Yeah. So what I'm saying is, look, life of device to term-based license consumption, that's already happening, right? We are actively working with our customers to explain and make them understand why the term base is better for them. That's happening naturally. Let's talk about a customer who already has a term-based license on-prem with us. What I'm saying is they don't need to do anything to come to us to move it over to cloud. They can use it without even letting us know. See, that's one of the beauties of Clusters, it's all the customer's choice. They can take their value of Nutanix on-prem today and turn it into value in the cloud. It's all on the customer. We give them 100% choice to do that. I'm hoping that's clear.

Aaron Rakers
Managing Director and Technology Analyst, Wells Fargo

Okay.

Monica Kumar
SVP of Marketing, Nutanix

There's no additional, yeah, thing they need to do with us for that.

Aaron Rakers
Managing Director and Technology Analyst, Wells Fargo

Okay.

Operator

Your next question comes from R.K. Jones with Goldman Sachs. Your line is open.

Robert Jones
VP, Goldman Sachs

Thank you for taking my question. That was a very insightful presentation, Monica. Thank you for that. You have the ability to connect to multiple clouds with a single management plane and also have portable apps. My question is around what comes next. I know you talked about being in trials with Azure and going to Google as well. From a technology point of view, what's the next big milestone that you should be looking forward to in hybrid conversion?

Monica Kumar
SVP of Marketing, Nutanix

Obviously, expanding the support for different public clouds is important. As we talked about AWS and Azure, Google, we are also in discussions with Oracle. We're going to see a lot more of public clouds running the ability to run Nutanix stack. Obviously, that's one. I think secondly, it's really also focusing on the cloud-native technology, right? Many of our customers are obviously now sort of bridging between virtual machines and containers. And not containers, not just for deploying infrastructure, but also for developing applications built in the cloud and then deploying them in containers. You're going to see a lot more of discussions coming out of Nutanix around platform services, sort of going up the stack now, up the stack from infrastructure in the cloud. I talked about ERP very briefly, database as a service.

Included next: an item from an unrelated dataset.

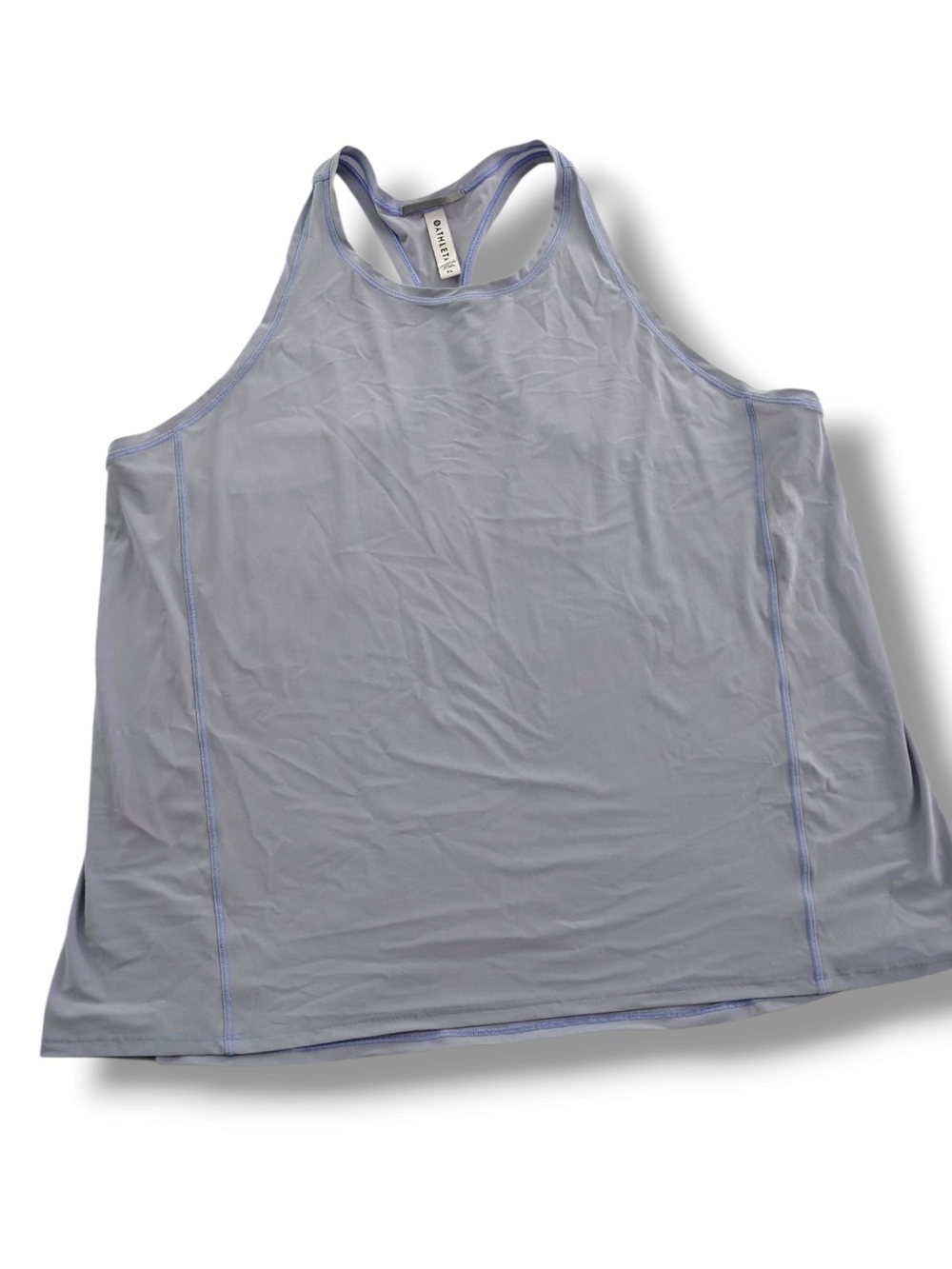 Athleta Racerback T-Back Tank Top-Light Purple Lilac-Size XL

That's a big, huge challenge for customers who are using heterogeneous databases. Today, on-prem and in the cloud, they have so many different complex environments to deal with. What you're going to see with ERP, we actually have a beautiful tool that can provision multiple databases with single click, single management, again, back them up, provision, clone, patch, everything. You're going to see us move more and more up the stack, as I'm saying, to more of the platform services. That is going to be the next step for Nutanix, to start creating a fuller portfolio of services that we offer for customers.

Robert Jones
VP, Goldman Sachs

That's very helpful. If I could follow up to that, I'd like to slide very short the differentiators you had with your competition about things like existing AWS account or self-service environment. Not having an overlay network. I wonder if you could double-click on those things to help us better understand why those things are important for customers and how much of a difference that could make.

Monica Kumar
SVP of Marketing, Nutanix

Yeah. Since I already went through that, let me have Madhukar take another crack at it. Madhukar, you want to take that one?

Madhukar Kumar
VP of Product Marketing, Nutanix

Yeah, absolutely. I think it comes down to a lot of reusability, right? If you have an existing AWS account, typically over a period of time, you put a lot of configurations and you set up things based on the policies of the organization. You set up identity access management and all of that. If now you are forced with the choice of either reusing what you already have or starting from scratch just because you want to do hybrid, it has a huge effect. It has a huge effect both in terms of personnel overhead, skill set, as well as also cost because now you have to go and redo all of that. That's just one example. The second, just to double-click on what I really want to make sure everybody understands, is the hibernate feature.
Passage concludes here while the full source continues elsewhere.